The Houston Independent School District isn't providing enough opportunities for high school girls to play sports, according to a Title IX complaint filed by the National Women's Law Center today. HISD — the largest in Texas — is among 12 other districts across the country the NWLC targeted with complaints.
Federal law prohibits federally funded education programs and activities, including sports, from discriminating on the basis of sex. Analyzing HISD data on girls' participation in athletics, the center found a 11.9 percent gap between the total number of female students and those playing sports, a statistic the NWLC says means schools in the district aren't providing equal opportunities for girls to participate in athletics programs. If they were, the complaint says, an additional 2,404 girls would currently be playing sports in the district.
In a press release, NWLC Co-President Marcia Greenberger called the 12 school districts the center filed complaints against today the "tip of the iceberg."

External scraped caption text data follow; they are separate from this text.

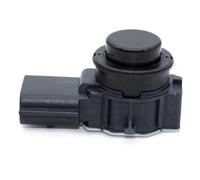 Oulesh Radar De Recul pour Renault, Noir Brillant 284382275R Capteur de stationnement PDC Rada 0263023669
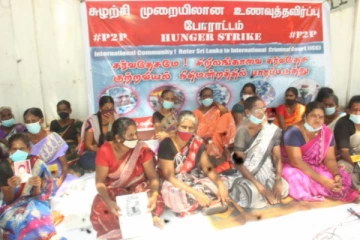 தினமும் புலனாய்வுத்துறையினரால் பல்வேறு அச்சுறுத்தல்கள் - அ.அமலநாயகி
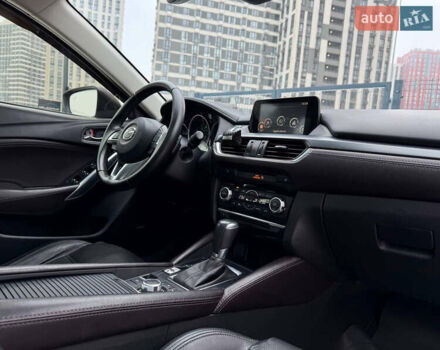 Серый Мазда 6, объемом двигателя 2.49 л и пробегом 135 тыс. км за 15500 $, фото 40 на Automoto.ua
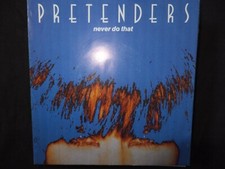VINYL 45 TOURS PRETENDERS /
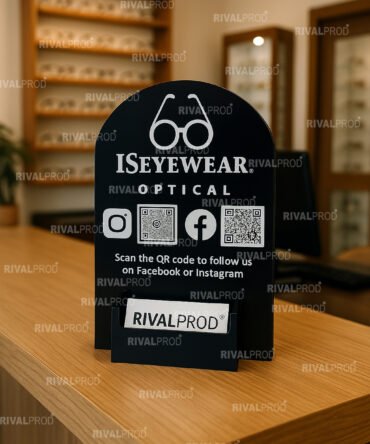 QR Code Stand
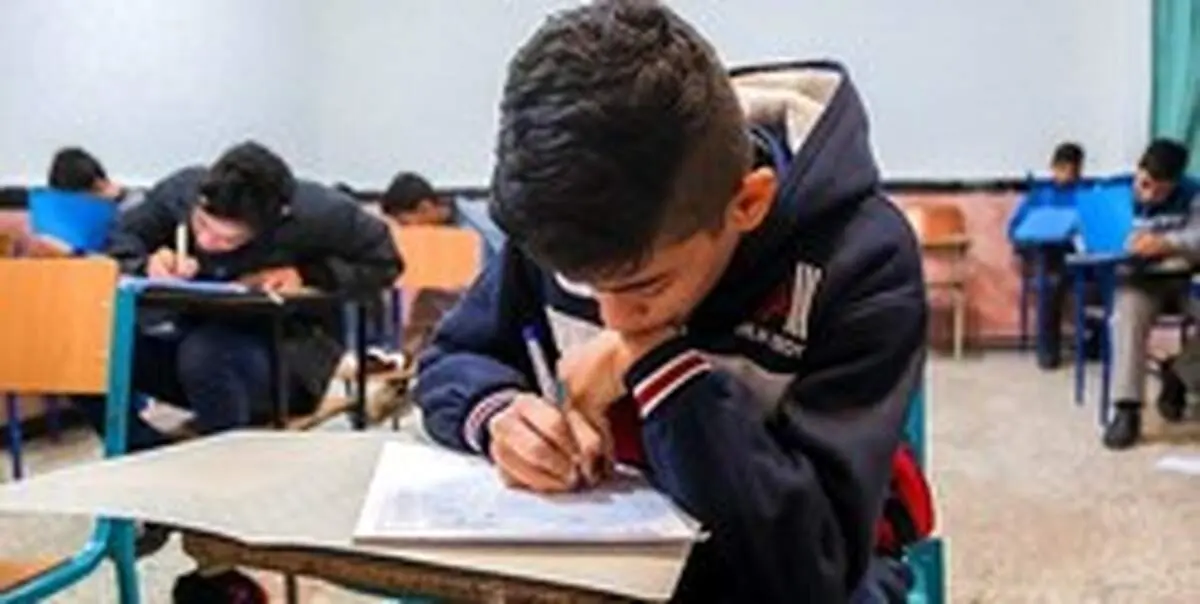 جزئیات امتحانات دانش‌آموزان/ ارزشیابی پایه‌های هفتم، هشتم، دهم و یازدهم غیرحضوری است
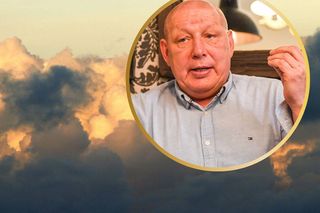 Czarne chmury nad Europą. Jasnowidz Jackowski mówi o zbiorowej masakrze, ludzie będą uciekać, coś zatruje powietrze!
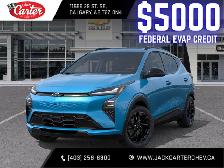 2027 Chevrolet Bolt RS - Photo 8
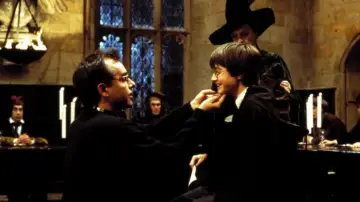Zasłona do serialu "Ikony odkryte: Harry Potter" #1553621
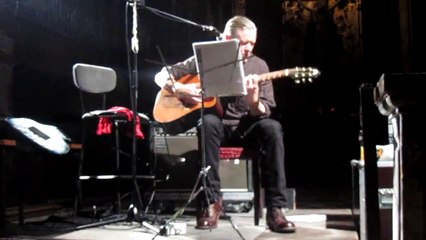Michael Gira/I See All Lined UP - Paris 10/03/2014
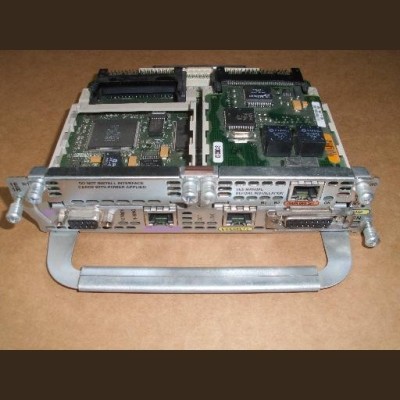 Modul Cisco 1E/1R W1 (800-01223-03D1) Ethernet Network foto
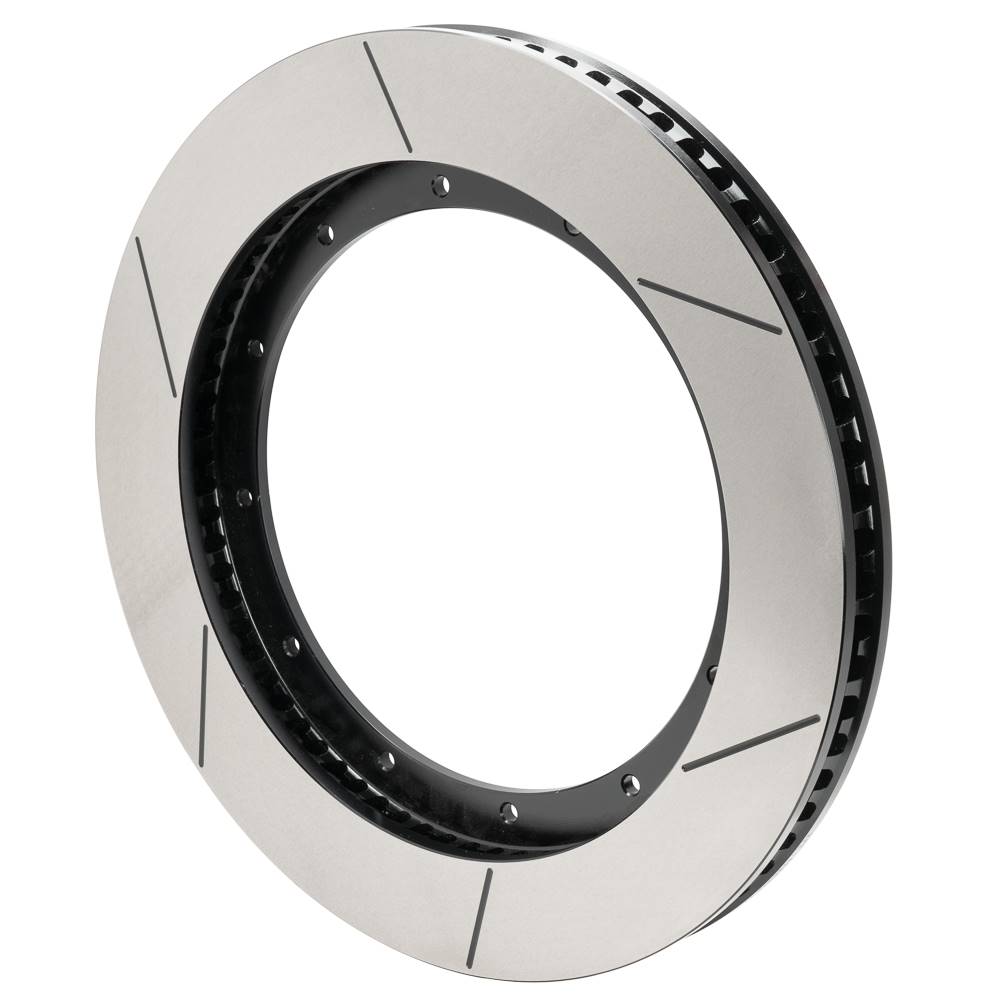 Wilwood 160-16994-GTB Wilwood Rotor Staggered Vane Rotor 16.0x 1.38 Slotted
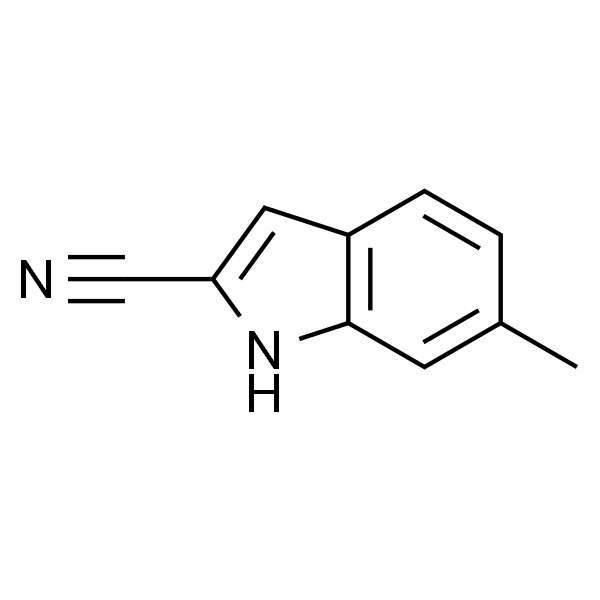 6-Methyl-1H-indole-2-carbonitrile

"Nationwide, only 41 percent of all high school athletes are girls, even though they make up half the student population," she said. "That means schools are giving girls 1.3 million fewer opportunities than boys to play sports nationwide."
Marmion Dambrino, HISD's athletic director, said the district will "work very closely" with the Office of Civil Rights to make sure it is in compliance with Title IX, but added that she believes "where the need is, we're providing."
"If there's an interest at a middle school or high school for our young ladies to participate in sports, we provide that," said Dambrino, who is HISD's first female athletic director. "It's an issue that's near and dear to my heart, being a former female athlete. I know it's important, because I know the opportunities it provides females."
The other school districts facing Title IX complaints from NWLC are Chicago Public Schools, the Clark County School District (Nev.), Columbus City Schools (Ohio), the Deer Valley Unified School District (Ariz.), Henry County Schools (Ga.), Irvine Unified School District (Calif.), the New York City Department of Education, Oldham County Schools (Ky.), the Sioux Falls School District (S.D.), the Wake County Public School System (N.C.) and Worcester Public Schools (Mass.).